- **Problem requirements**: Using the listing below, print the line containing "Thumbnail: 2022 Mercedes-Benz GLE - 19", the line containing "아디다스 2026 FIFA 월드컵 트리온다 프로 매치 볼", and each line between them, exactly and nothing else. Pictures stay out of the print.

- **Entries supplied**:

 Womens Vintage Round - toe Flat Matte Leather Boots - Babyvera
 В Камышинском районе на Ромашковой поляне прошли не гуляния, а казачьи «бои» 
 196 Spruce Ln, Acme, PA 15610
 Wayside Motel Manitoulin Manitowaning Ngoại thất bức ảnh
* * *
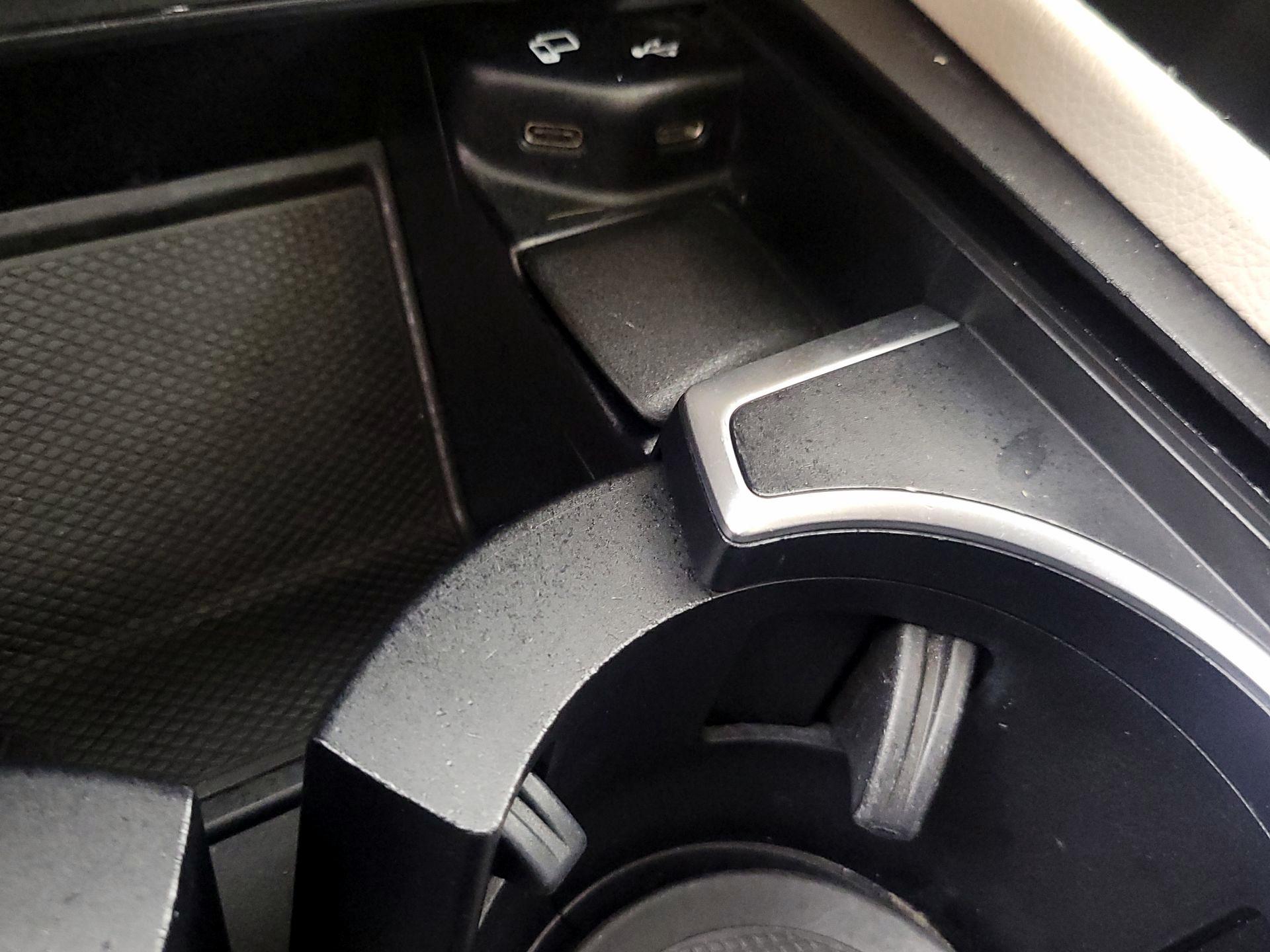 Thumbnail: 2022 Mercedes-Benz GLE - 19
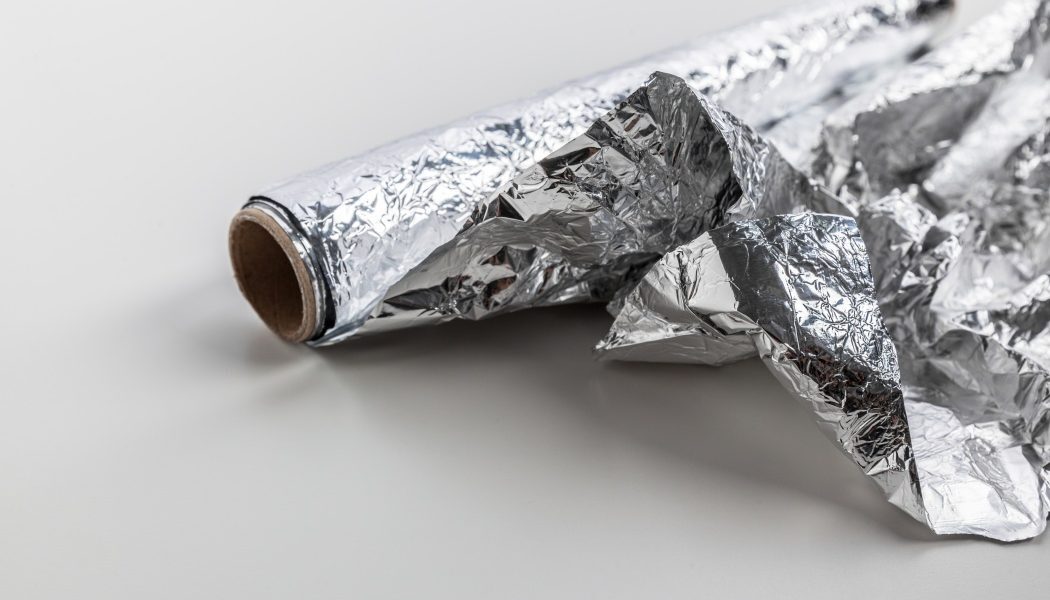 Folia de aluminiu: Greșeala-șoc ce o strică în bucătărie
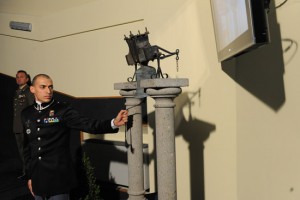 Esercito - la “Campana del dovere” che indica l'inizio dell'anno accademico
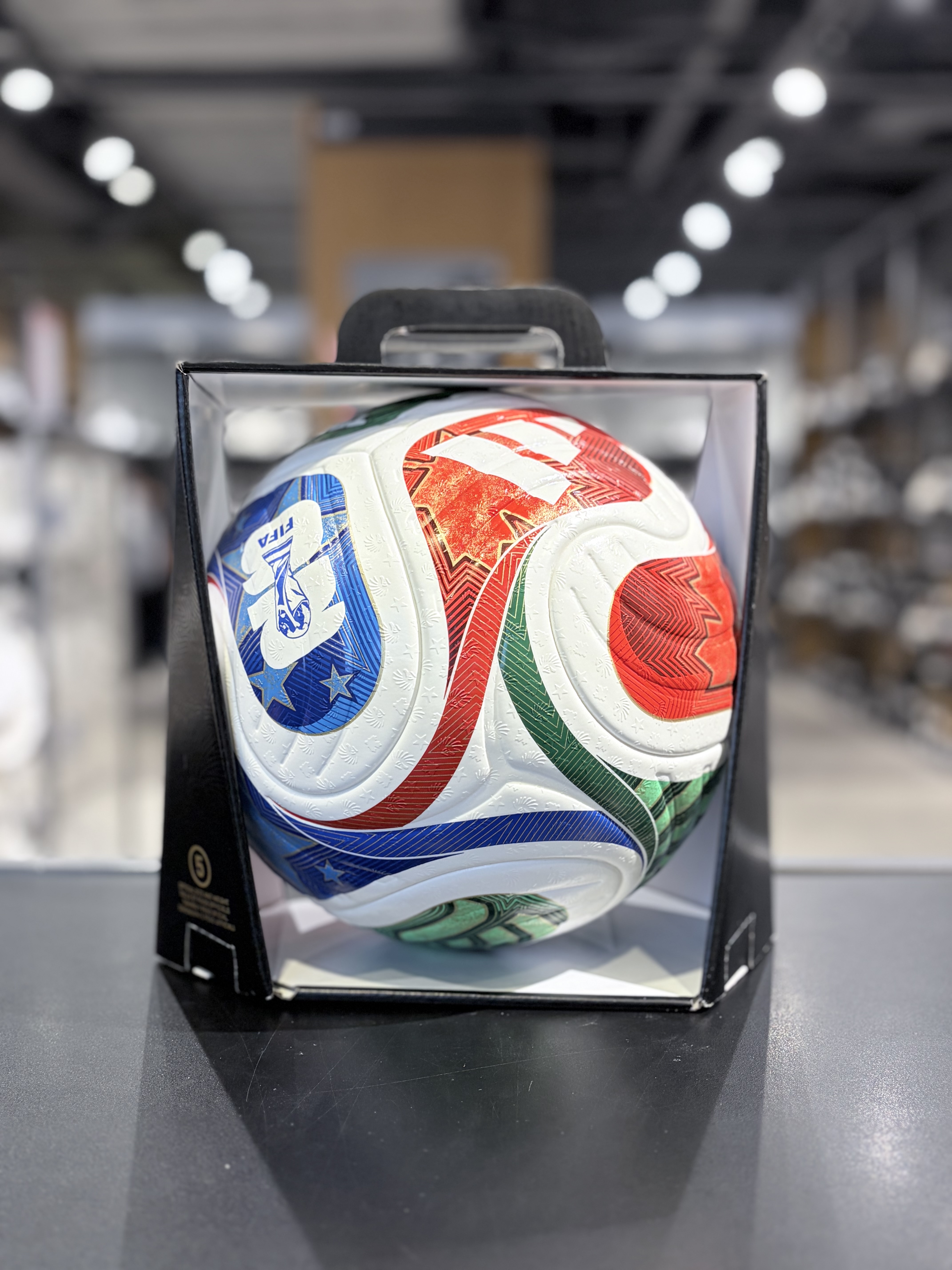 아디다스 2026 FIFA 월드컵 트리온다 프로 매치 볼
==
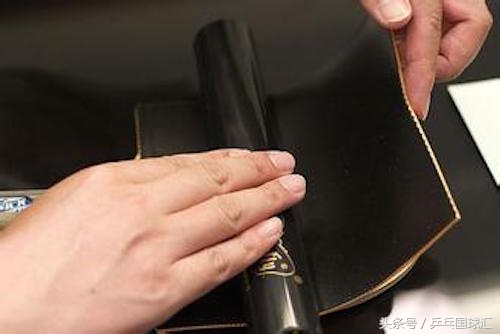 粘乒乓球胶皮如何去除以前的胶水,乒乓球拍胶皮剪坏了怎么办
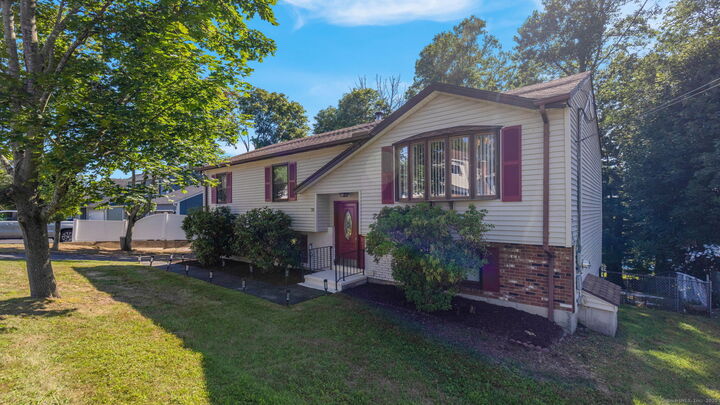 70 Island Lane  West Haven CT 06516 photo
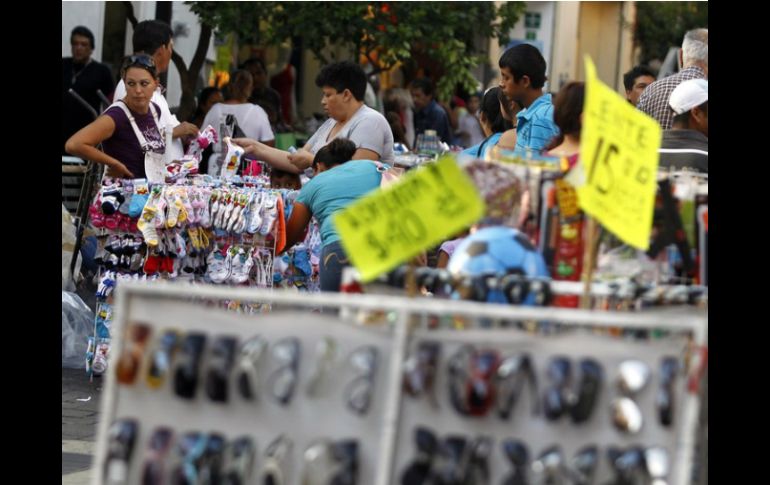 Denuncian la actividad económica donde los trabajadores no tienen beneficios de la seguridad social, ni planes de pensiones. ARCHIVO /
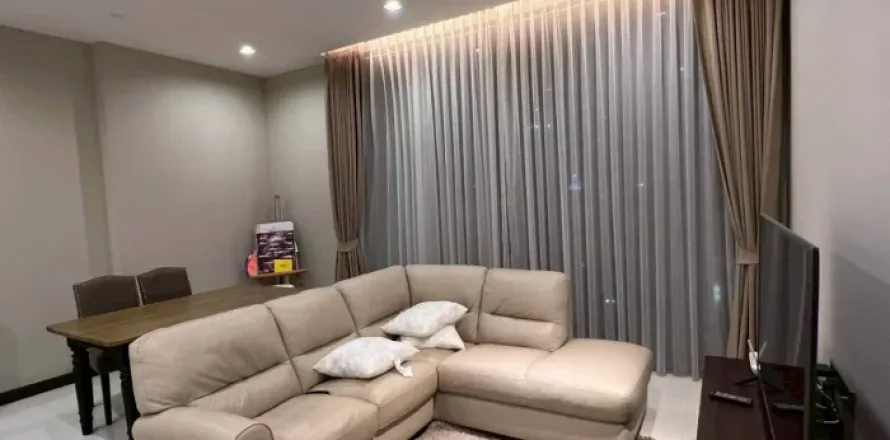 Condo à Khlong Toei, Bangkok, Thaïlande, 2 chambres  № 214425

- **Exercise answer**:
 Thumbnail: 2022 Mercedes-Benz GLE - 19
 Folia de aluminiu: Greșeala-șoc ce o strică în bucătărie
 Esercito - la “Campana del dovere” che indica l'inizio dell'anno accademico
 아디다스 2026 FIFA 월드컵 트리온다 프로 매치 볼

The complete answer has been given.